It is clear that those countries and companies primarily responsible for emitting carbon and accelerating climate change are not simply going to give up; they stand to make too much money. They need a whole lot of gentle persuasion from the likes of us. And it need not necessarily involve trading in our cars and buying bicycles!
There are many ways that all of us can fight against climate change: by not wasting energy, for instance. But these individual measures will not make a big enough difference in the available time.
People of conscience need to break their ties with corporations financing the injustice of climate change. We can, for instance, boycott events, sports teams and media programming sponsored by fossil-fuel energy companies. We can demand that the advertisements of energy companies carry health warnings. We can encourage more of our universities and municipalities and cultural institutions to cut their ties to the fossil-fuel industry. We can organise car-free days and build broader societal awareness. We can ask our religious communities to speak out.
We can actively encourage energy companies to spend more of their resources on the development of sustainable energy products, and we can reward those companies that do so by using their products. We can press our governments to invest in renewable energy and stop subsidising fossil fuels. Where possible, we can install our own solar panels and water heaters.
We cannot necessarily bankrupt the fossil fuel industry. But we can take steps to reduce its political clout, and hold those who rake in the profits accountable for cleaning up the mess.

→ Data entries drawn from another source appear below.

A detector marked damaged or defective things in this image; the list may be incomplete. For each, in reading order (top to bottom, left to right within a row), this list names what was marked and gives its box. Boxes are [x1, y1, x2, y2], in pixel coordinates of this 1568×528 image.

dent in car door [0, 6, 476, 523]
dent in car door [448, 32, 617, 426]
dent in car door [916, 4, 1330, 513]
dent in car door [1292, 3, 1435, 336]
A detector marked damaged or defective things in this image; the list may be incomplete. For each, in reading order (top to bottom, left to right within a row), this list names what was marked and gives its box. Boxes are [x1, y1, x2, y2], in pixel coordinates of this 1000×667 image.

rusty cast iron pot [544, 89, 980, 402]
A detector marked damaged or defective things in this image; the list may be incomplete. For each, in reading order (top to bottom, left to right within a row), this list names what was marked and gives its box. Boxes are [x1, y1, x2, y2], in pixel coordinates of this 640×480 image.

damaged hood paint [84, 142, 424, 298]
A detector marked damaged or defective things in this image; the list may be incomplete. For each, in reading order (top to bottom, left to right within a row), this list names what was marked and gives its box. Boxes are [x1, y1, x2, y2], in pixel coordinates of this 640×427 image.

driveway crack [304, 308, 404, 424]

And the good news is that we don't have to start from scratch. Young people across the world have already begun to do something about it. The fossil fuel divestment campaign is the fastest growing corporate campaign of its kind in history.
Last month, the General Synod of the Church of England voted overwhelmingly to review its investment policy in respect of fossil fuel companies, with one bishop referring to climate change as "the great demon of our day." Already some colleges and pension funds have declared they want their investments to be congruent with their beliefs.
It makes no sense to invest in companies that undermine our future. To serve as custodians of creation is not an empty title; it requires that we act, and with all the urgency this dire situation demands.
In his introduction, Moyers noted that although there are ups and downs in this kind of approach, "divestment has worked once before-- and in a big way. Three decades ago, students, religious communities, and unions sustained a campaign against U.S. companies doing business with South Africa and helped put an end to apartheid. Only four months after his release from prison, Nelson Mandela came to California to say 'thank you' to Americans who kept up the economic pressure." Moyers pointed out that a foundation executive told him last week that it's virtually impossible for anyone's hands to be completely clean in a society as capitalist as ours.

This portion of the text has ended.